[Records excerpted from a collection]
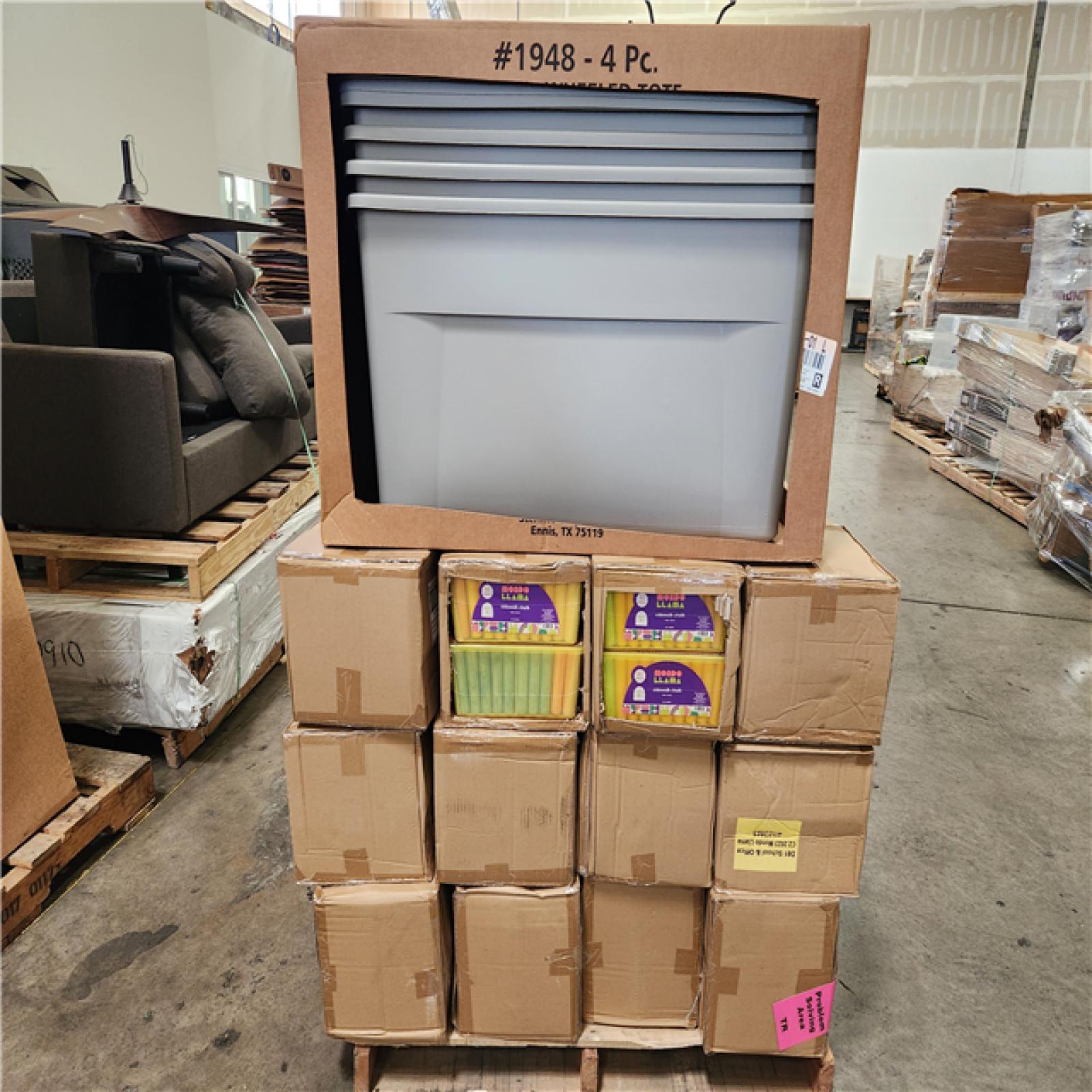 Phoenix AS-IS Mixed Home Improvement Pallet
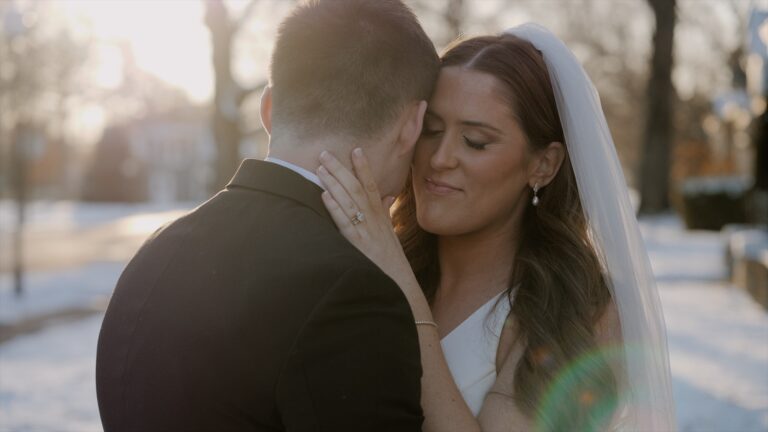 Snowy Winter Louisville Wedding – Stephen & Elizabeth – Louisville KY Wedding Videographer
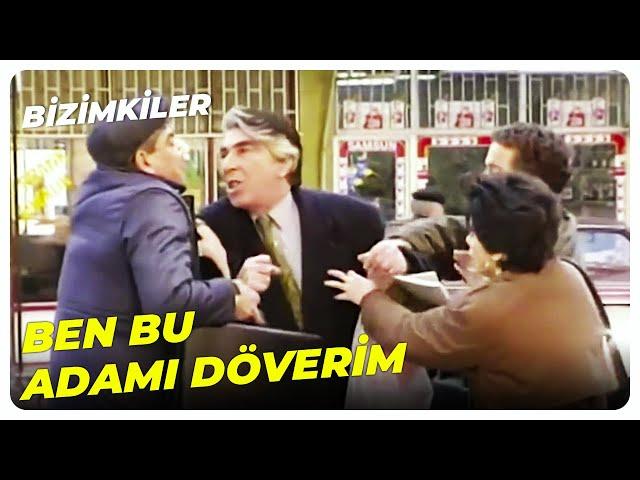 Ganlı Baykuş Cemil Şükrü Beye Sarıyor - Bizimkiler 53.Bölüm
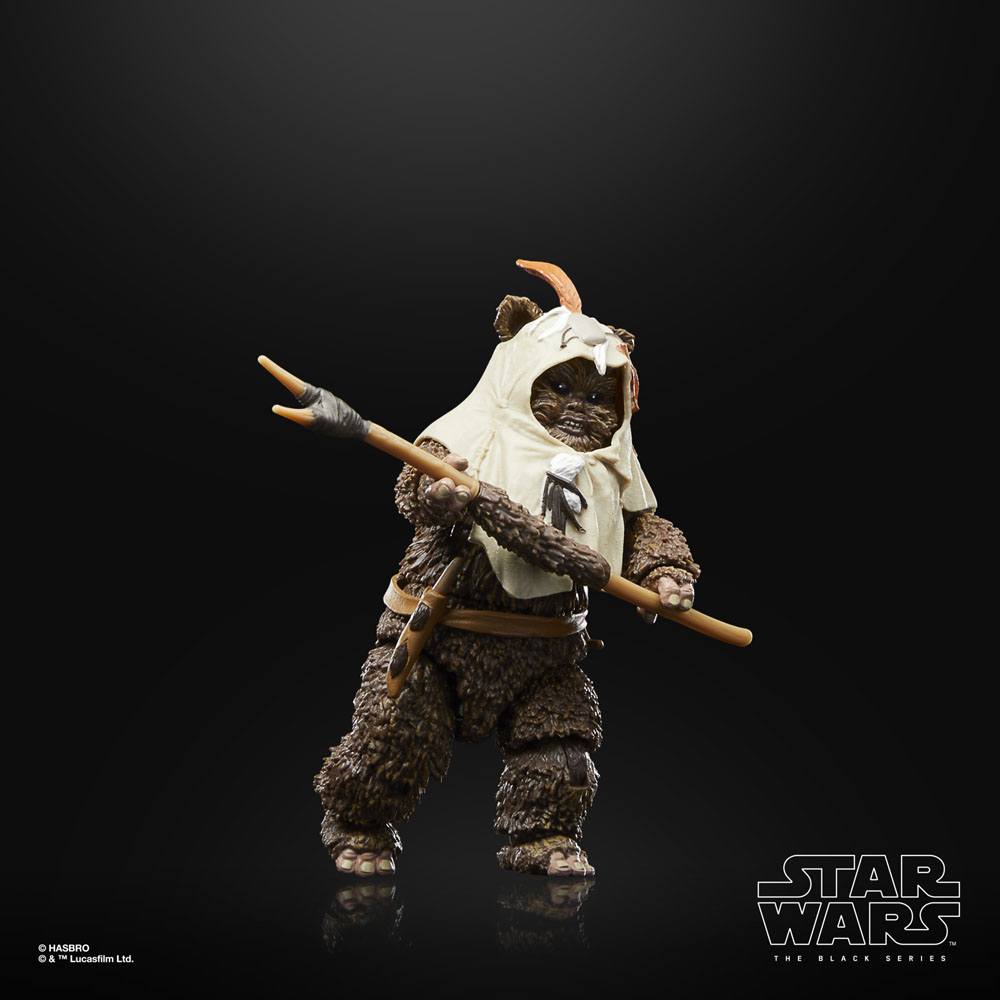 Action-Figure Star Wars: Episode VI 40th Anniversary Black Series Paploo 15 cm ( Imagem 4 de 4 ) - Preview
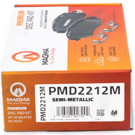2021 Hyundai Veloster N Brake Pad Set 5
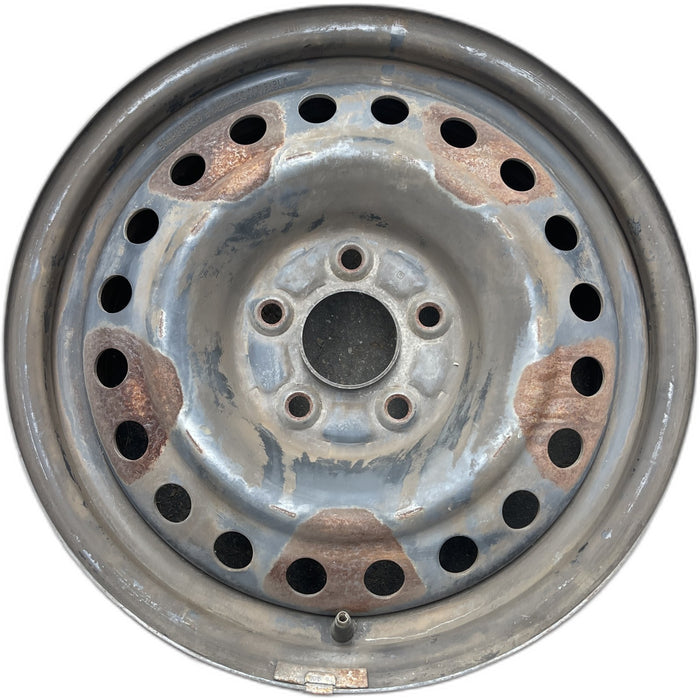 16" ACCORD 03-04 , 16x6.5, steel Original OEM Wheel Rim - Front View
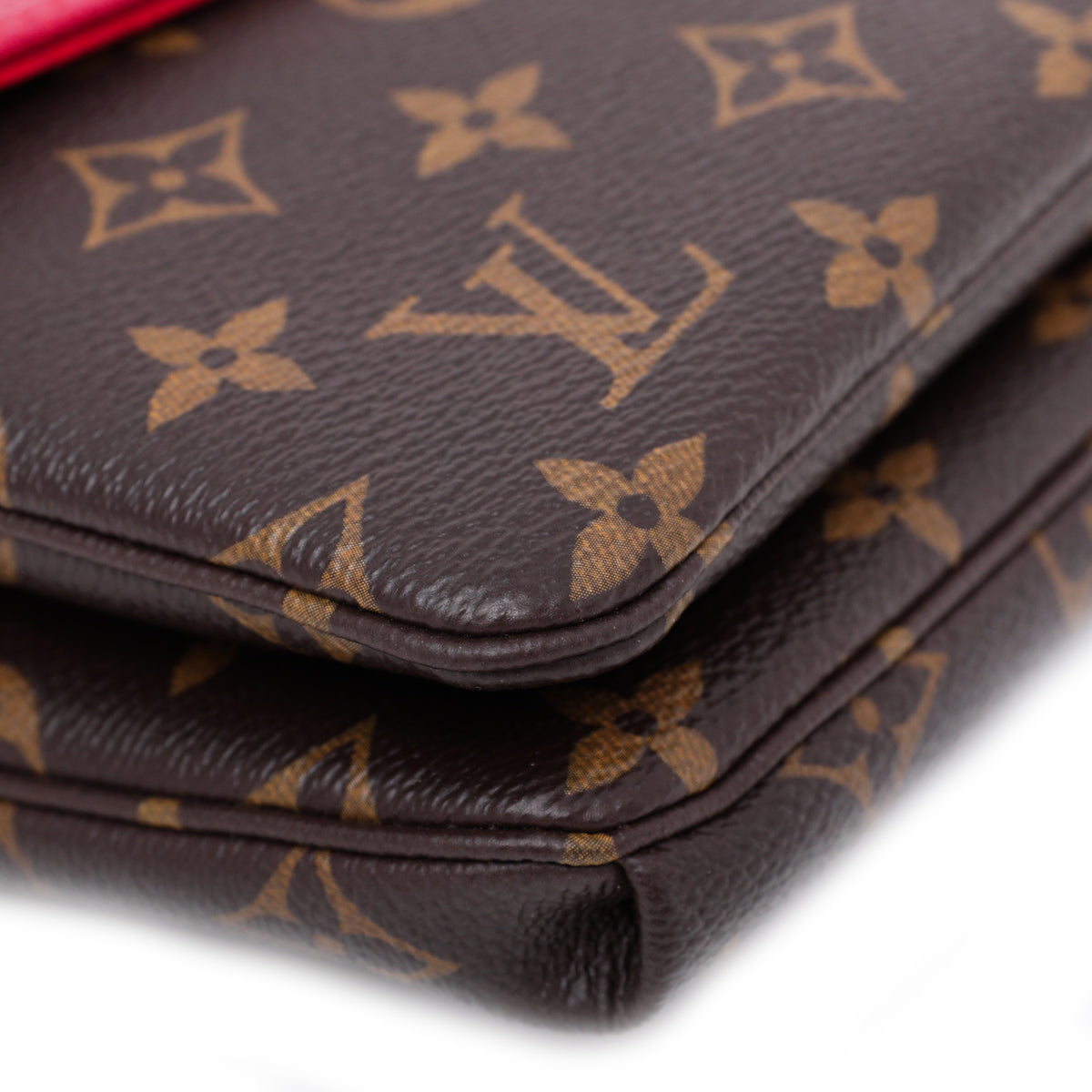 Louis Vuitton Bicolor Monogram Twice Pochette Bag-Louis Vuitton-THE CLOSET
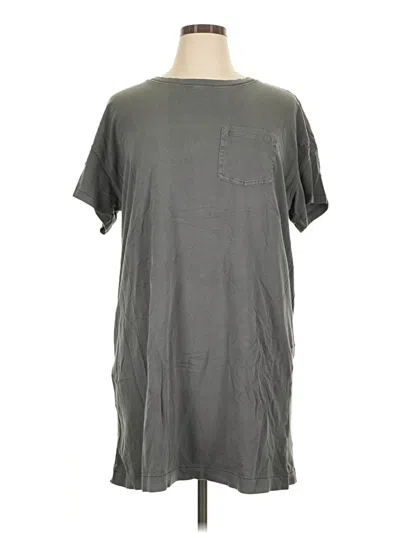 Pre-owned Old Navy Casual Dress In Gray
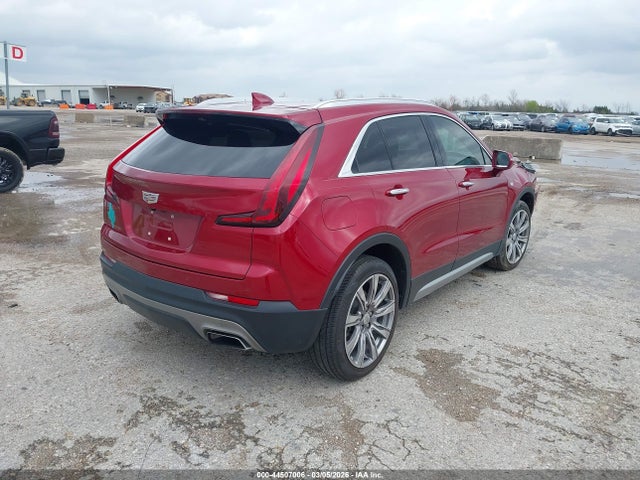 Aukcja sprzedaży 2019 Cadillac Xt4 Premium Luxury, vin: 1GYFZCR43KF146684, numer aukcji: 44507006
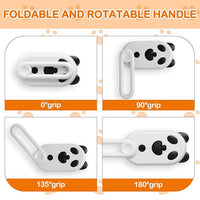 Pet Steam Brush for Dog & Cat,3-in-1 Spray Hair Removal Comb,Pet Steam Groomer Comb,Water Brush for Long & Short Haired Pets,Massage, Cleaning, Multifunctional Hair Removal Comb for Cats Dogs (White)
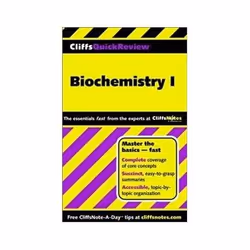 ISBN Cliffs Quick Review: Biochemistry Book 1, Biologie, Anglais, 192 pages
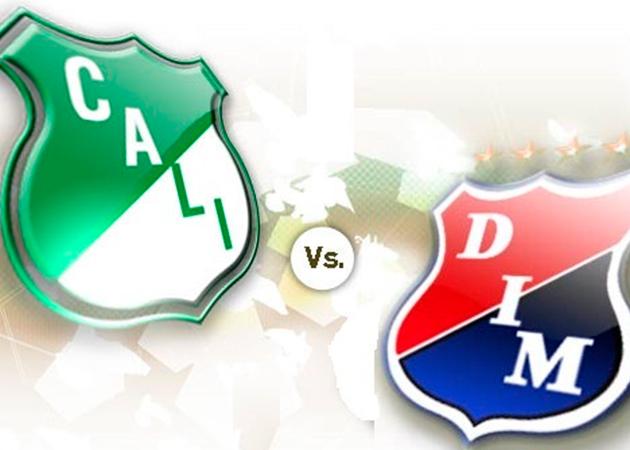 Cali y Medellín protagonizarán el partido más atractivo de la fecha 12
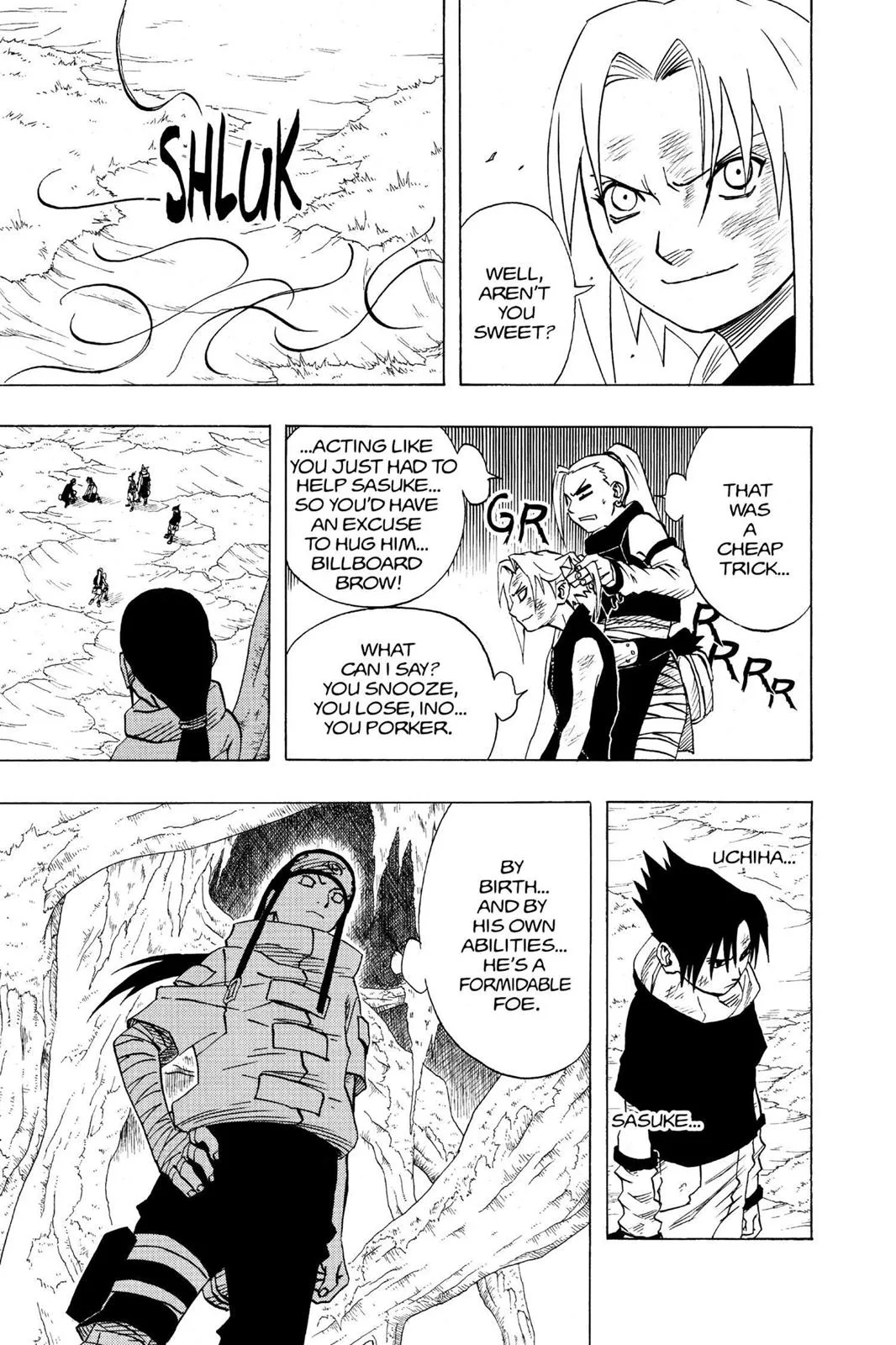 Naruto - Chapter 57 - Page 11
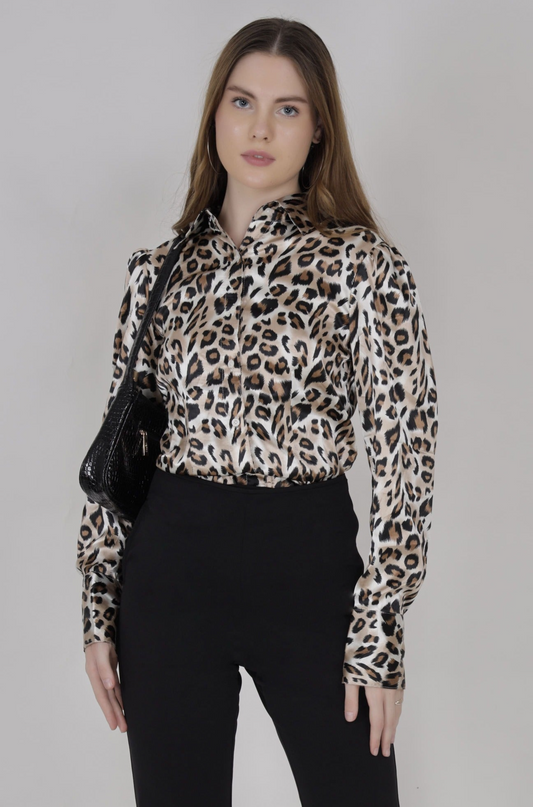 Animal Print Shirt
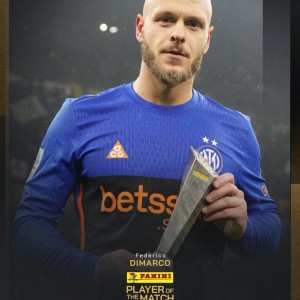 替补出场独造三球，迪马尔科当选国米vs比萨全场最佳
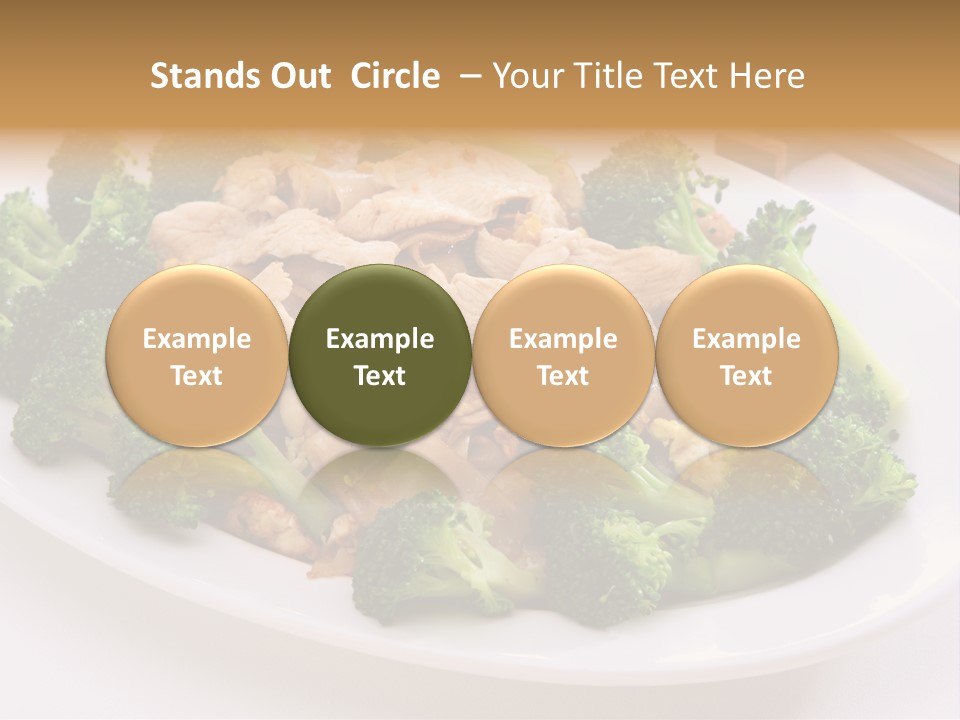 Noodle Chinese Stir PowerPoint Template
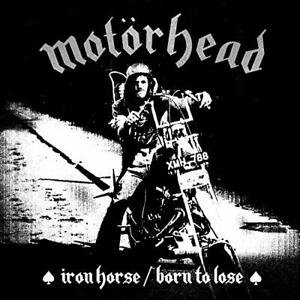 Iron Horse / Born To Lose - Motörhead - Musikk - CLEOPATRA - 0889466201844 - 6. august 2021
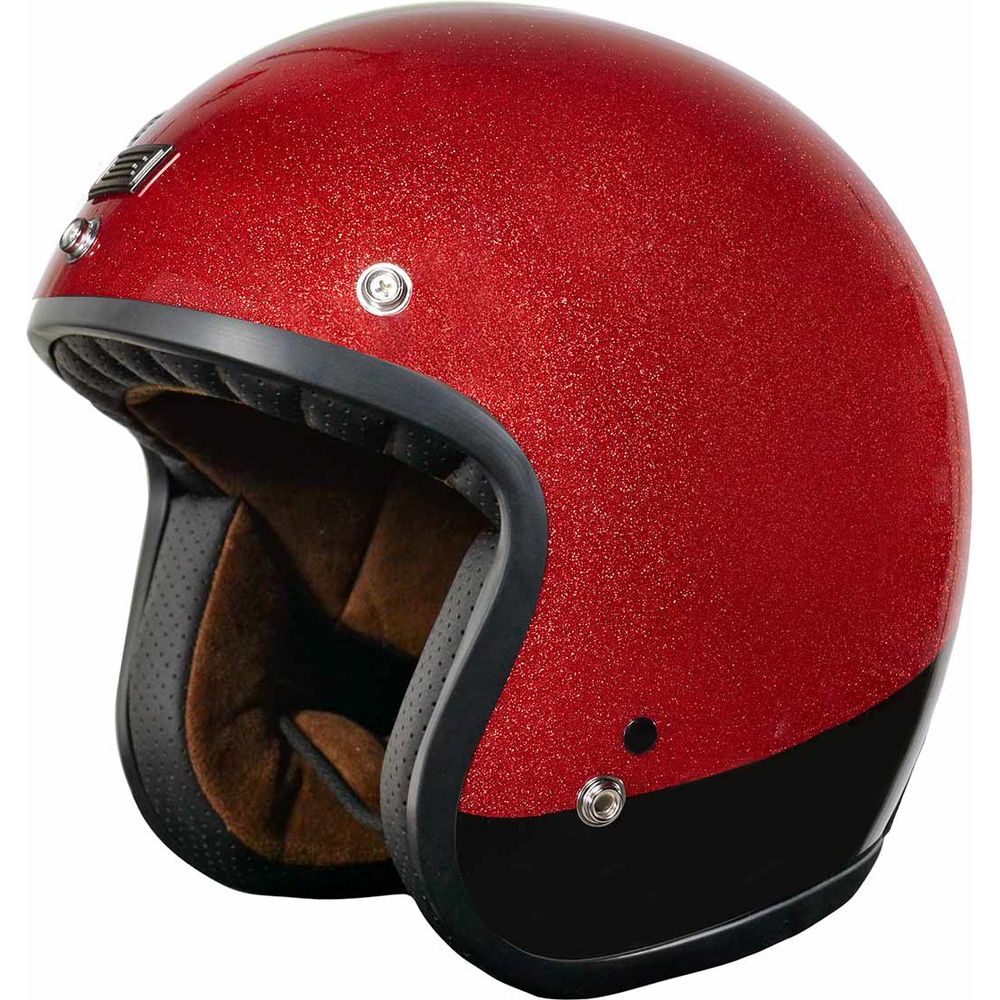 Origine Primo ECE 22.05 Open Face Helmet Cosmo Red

WHAT YOU NEED TO DO - Output the lines, exactly: the first line of the entries above, every line after it, and the line with "Ganlı Baykuş Cemil" as the last. No pictures.

RESPONSE TO THE TASK -
 Phoenix AS-IS Mixed Home Improvement Pallet
 Snowy Winter Louisville Wedding – Stephen & Elizabeth – Louisville KY Wedding Videographer
 Ganlı Baykuş Cemil Şükrü Beye Sarıyor - Bizimkiler 53.Bölüm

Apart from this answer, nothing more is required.